*TASK PROMPT*: In the material below, find the line with "Generation I / Black" and the line with "2.61ctw Round White", then output those two lines and every line between them, exactly.
MATERIAL FOR THE TASK START
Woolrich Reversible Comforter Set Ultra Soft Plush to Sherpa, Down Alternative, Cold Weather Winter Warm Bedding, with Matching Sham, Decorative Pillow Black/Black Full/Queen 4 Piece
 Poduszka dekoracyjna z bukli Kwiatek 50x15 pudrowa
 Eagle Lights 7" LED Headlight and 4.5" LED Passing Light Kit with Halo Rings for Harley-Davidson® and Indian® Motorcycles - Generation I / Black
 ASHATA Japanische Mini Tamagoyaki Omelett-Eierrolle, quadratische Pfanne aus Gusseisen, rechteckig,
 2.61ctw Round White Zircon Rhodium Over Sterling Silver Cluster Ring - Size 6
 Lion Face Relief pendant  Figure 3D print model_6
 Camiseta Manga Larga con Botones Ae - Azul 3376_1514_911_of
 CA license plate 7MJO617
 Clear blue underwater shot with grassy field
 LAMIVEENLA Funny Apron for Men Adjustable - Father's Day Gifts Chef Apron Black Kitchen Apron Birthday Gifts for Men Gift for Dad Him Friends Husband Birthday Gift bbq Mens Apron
MATERIAL FOR THE TASK END
*TASK RESULT*:
 Eagle Lights 7" LED Headlight and 4.5" LED Passing Light Kit with Halo Rings for Harley-Davidson® and Indian® Motorcycles - Generation I / Black
 ASHATA Japanische Mini Tamagoyaki Omelett-Eierrolle, quadratische Pfanne aus Gusseisen, rechteckig,
 2.61ctw Round White Zircon Rhodium Over Sterling Silver Cluster Ring - Size 6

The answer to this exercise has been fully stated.